What Solomon seems to have forgotten, at this particular moment in his life, is where all those good things he had came from in the first place.   He thought it was about him, his work, his effort.  He thought he had some control over the outcomes of his studies, his labors, his application of wisdom.  He was wrong.  It’s a common failing, something that often accompanies success.  We think that somehow everything we achieve is through our own work.  We think somehow we are in control of, not just our own efforts, but of other people’s response to those efforts.  And when things go wrong, when we don’t get the job or when even with all the rehearsal in the world we cannot seem to get that part just right or when the words just won’t come or when no matter how careful we are about our diet and how dedicated we are to exercise the weight just will not come off or when the diagnosis is not great even though we did everything possible to stay healthy. . . when things don’t go our way we may think that it’s pointless.  That all our hard work has gone for nothing, and there is no point in going forward.  We may sound a great deal like Solomon, or Eeyore.

A very wise man once said, "There is nothing in the world so damaged that it cannot be mended by the hand of almighty God. I encourage you to know this, because without this certainty we should all of us be mad."  OK, the wise man was really a wise woman, because that quote is from Hercule Poirot in Agatha Christie’s 1938 novel,  Appointment with Death. 

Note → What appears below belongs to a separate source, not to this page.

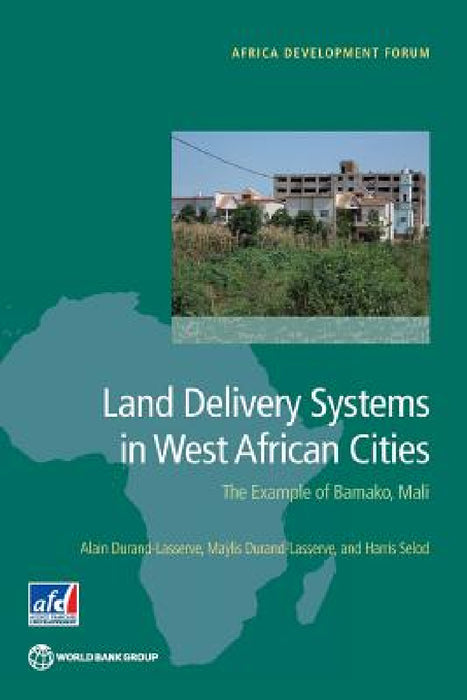 Land Delivery Systems in West African Cities: The Example of Bamako, Mali by Alain Durand-Lasserve, Maÿlis Durand-Lasserve, Harris Selod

And I think it’s not so much that the outcome will change, or mend, if we turn more deliberately to God.  Rather, it is the way we perceive the outcome.  If we are able to express gratitude to God for whatever falls into our lives, whether or not we like it, our outlook will change, our pain will heal, our hearts will be mended.  It’s not pointless.  It’s just that I don’t see the point.  I may never see the point, but I don’t have to.  I survived it - whatever it may be.  I gained strength from it, or  experience, or friends, or something. I’ve been known to be grateful for the flu, because it made me slow down and rest.  I am not saying that God planned for the terrible, horrible, no good, very bad thing to happen.  Because I don’t believe that. But I am saying that the hand of almighty God will give me the strength to get through it. I am saying that, by being grateful to God even for the bad days, by turning everything I do and everything I experience over to the care of God, by keeping my mind fixed on the idea that whatever I do, I do for God’s glory, not my own, by leaving the outcome in God’s hands and not worrying about it, my life ceases to be pointless. 

It could be worse.  I could be walking alone, without God at my side.  And that would pointless.  The good news, my brothers and sisters,  that no thing, no pain, is so terrible that God cannot mend it.  And the even better Good News is that God is with us now and always.     Amen.